I like Winkwell. On one side of a very narrow lane is a boatyard always with a number of narrowboats either moored or being worked on, on the other is a pub snuggling into the landscape, with plenty of seating alongside the canal. What can be finer than sitting out on a summers day drinking beer and watching people at leisure passing-by on the footpath or in barges. The bridge adds to the fun because it it is electrically operated and swings open to let the boats through; and there is nothing like a piece of working machinery to awaken little boy within.
However the road is problem if there are cars going in opposite directions as passing is either impossible or awkward and the bridge is definitely only wide enough one. Today the problem was dramatic.
It started when I was crossing the bridge and I had just about reached the other side when I was met by an on-coming car. It did not slow down in the slightest, or make any other adjustment but carried on, going just a little bit too fast. I had to move quickly to one side to avoid being squished and as I was thinking dark thoughts about the manners of the driver I heard the crunchy tyre-noise of cars breaking very hard. The car that had passed me was stopped with its nose level with the other end of the bridge, two inches away was the nose of another car, which must also have been going too fast.
The driver of the car that had passed me (lets call him Fiat Man) jumped out and started swearing saying that he had the right of way because he was on the bridge. The other one (Chrysler Man) responded by saying that was stupid and it was more difficult for him to back up to the main road. They faced up to each other ; swearing. Chrysler Man was about 60, with grey hair and leathery skin and tough looking. He was solidly built with a gravelly London accent - imagine him being played by Ray Winston.
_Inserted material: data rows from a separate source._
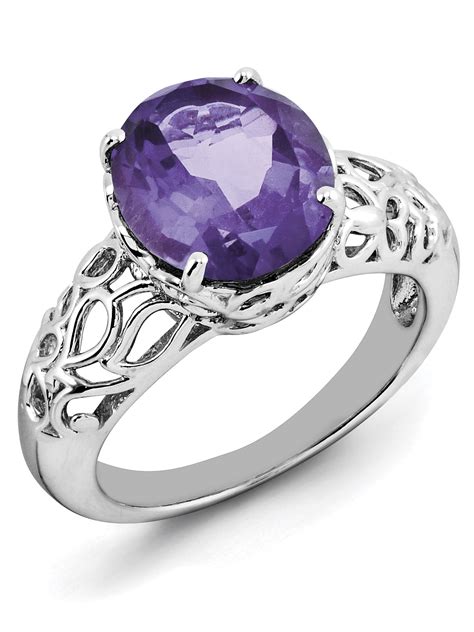 Sterling Silver Amethyst Ring - Walmart.com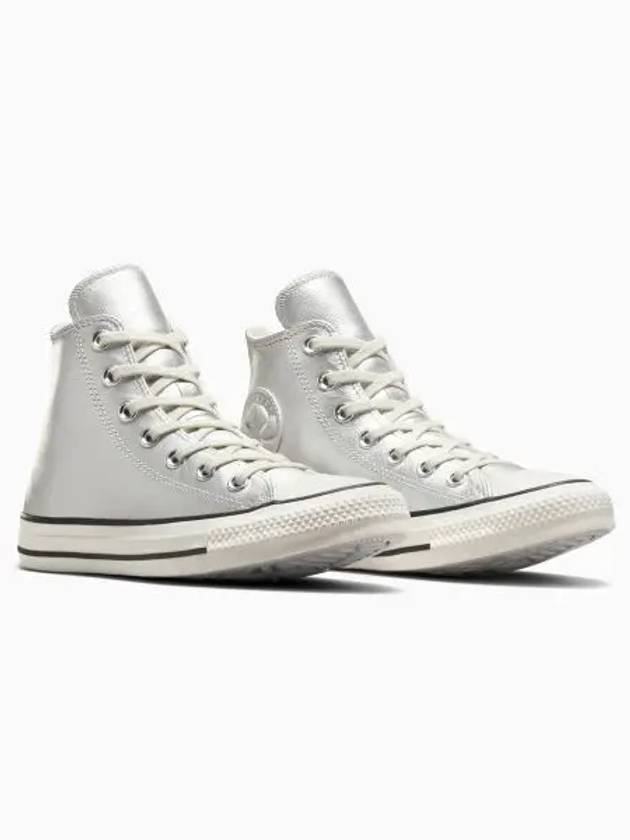 Chuck Taylor All Star Metallic Leather Silver A11984C - CONVERSE - BALAAN 1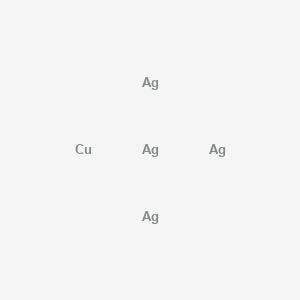 molecular formula Ag4Cu B14372082 copper;silver CAS No. 90065-82-0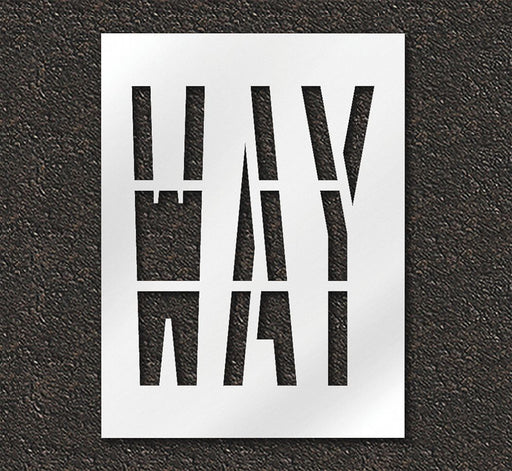 IndividualStencil Message Polyethylene
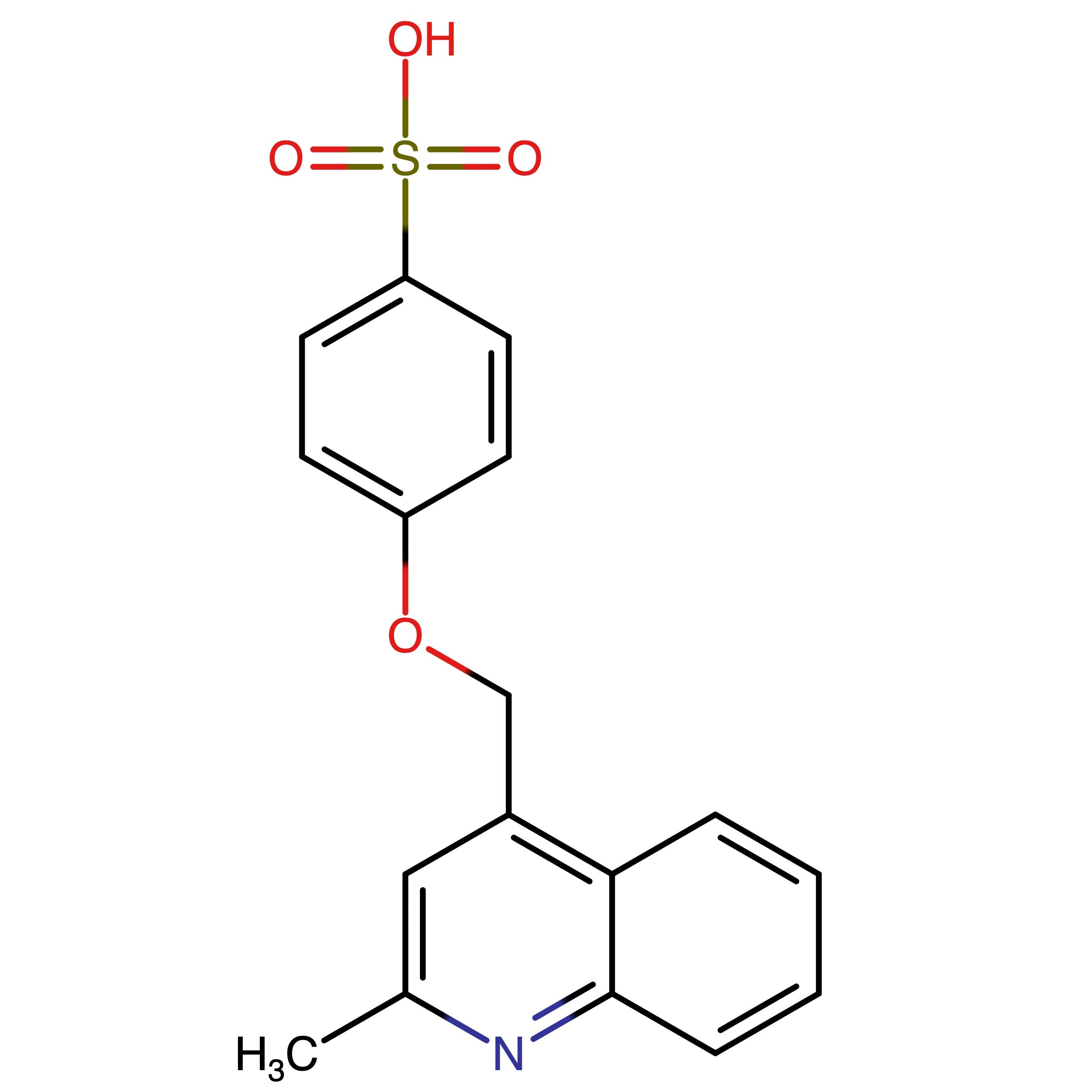 CAS 784134-73-2 | 4-((2-Methylquinolin-4-yl)methoxy)benzenesulfonic acid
"If you want to fuck with me then you'd better be prepared to be wet. Because that is where'd you'd be - In The Water!" he said with utter conviction.
Although Fiat man was probably twenty years younger I didn't fancy his chances. He was agitated rather than threatening - all over the place. His clothes were odd , a polo top over what like his pyjama bottoms, and all in all he had the look of someone for whom life was becoming a bit much. He turned round took the keys out of the ignition and for one hugely pleasurable moment I thought he was going to hurl them into the water to spite everybody. Instead he just leaned over the railings and looked at the water - who knows what he was thinking.
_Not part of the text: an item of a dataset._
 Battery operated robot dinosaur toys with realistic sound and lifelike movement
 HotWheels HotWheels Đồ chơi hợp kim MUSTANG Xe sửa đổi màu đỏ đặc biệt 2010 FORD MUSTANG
The stand-off continued. Cars drove up and then turned round as they realised it would be quicker for them to take a loop. I had a brief chat with one of the nearby householders who shrugged his shoulders and went in. Everybody else alongside the canal was just looked-on, as I did. Then the running instinct cut-in and told me I couldn't be hang around any longer as I was only halfway and so I toddled off. For all I know they are still there.
When I started I was vaguely amused but after a couple of miles or so I started to think about my reaction and how it had been inadequate. I ought to have made some effort to mediate. The situation was stupid and eventually one of them would have to reverse to let the other through. It was only a matter of time and finding a way so neither of them would lose face. Perhaps I could have helped; perhaps not. I will never know because I did not try. This stems from a character trait - I am not much of a participant and do not instinctively rush forward. I do not involve myself enough with others. Much more I am the detached observer.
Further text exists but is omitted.